## DATASET CONTENT
—————

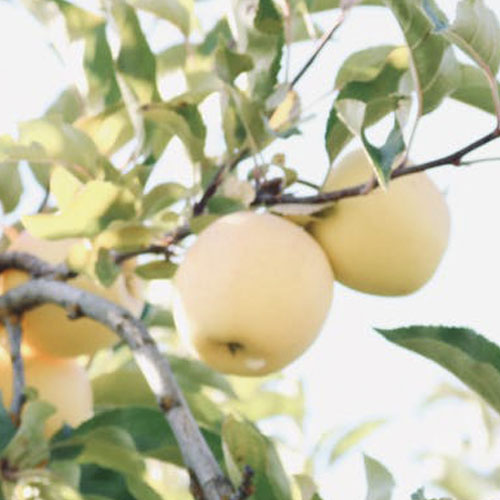 yellow apples on apple tree
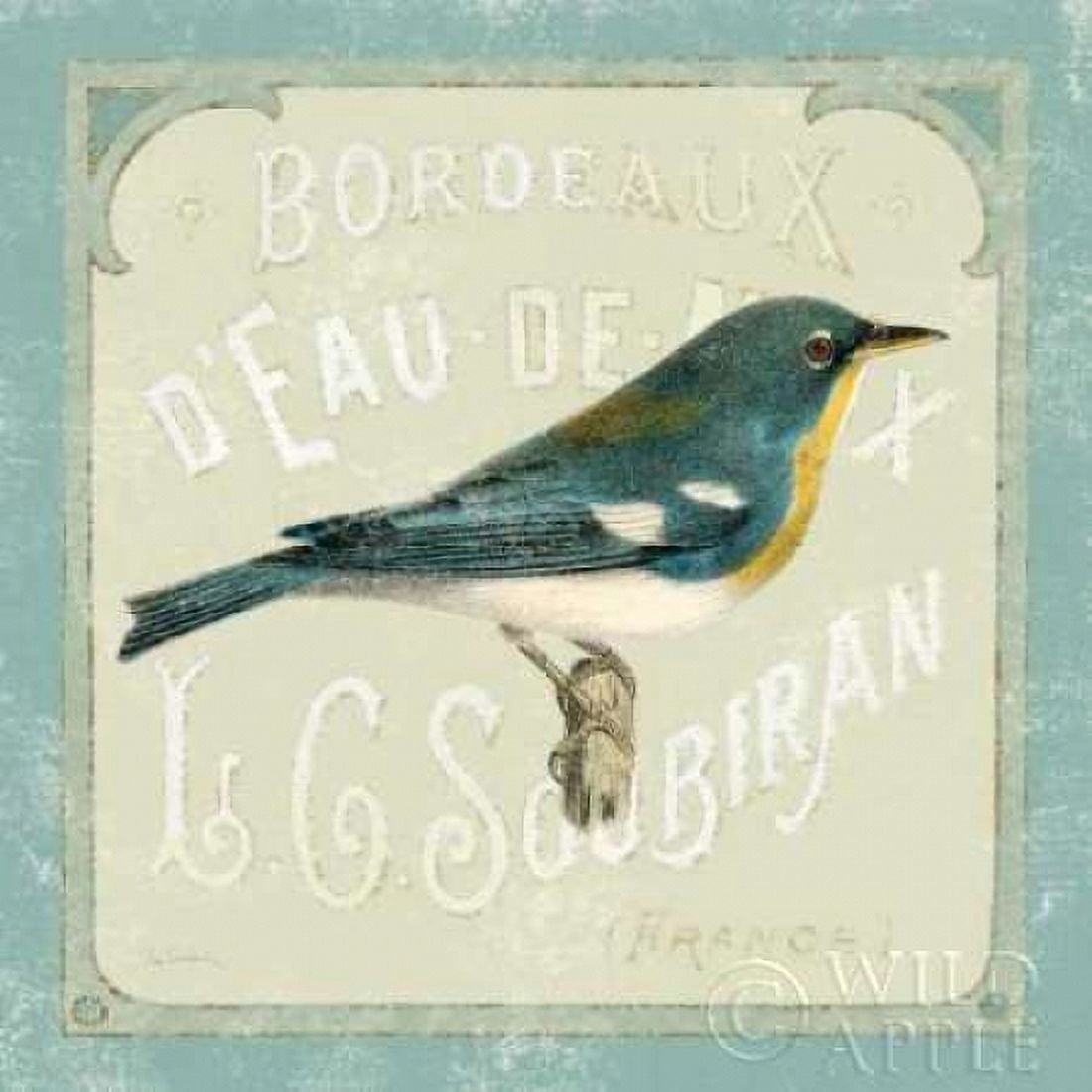 Parisian Bird I Canvas Art - Sue Schlabach (24 x 24)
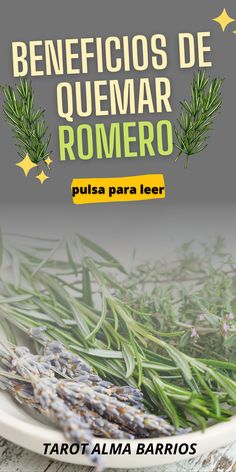 9 Ideas De Oracion Para Ganar Dinero En 2021 Oracion Para Ganar Dinero Hechizos De Dinero Rituales Para La Suerte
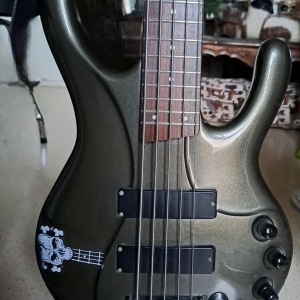 Ibanez EDC 705 ergodyne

—————

## WHAT IS NEEDED
All lines from the one holding "9 Ideas De Oracion" to the end of the listing above need to be duplicated exactly. None of the pictures should be included.

## RESPONSE
 9 Ideas De Oracion Para Ganar Dinero En 2021 Oracion Para Ganar Dinero Hechizos De Dinero Rituales Para La Suerte
 Ibanez EDC 705 ergodyne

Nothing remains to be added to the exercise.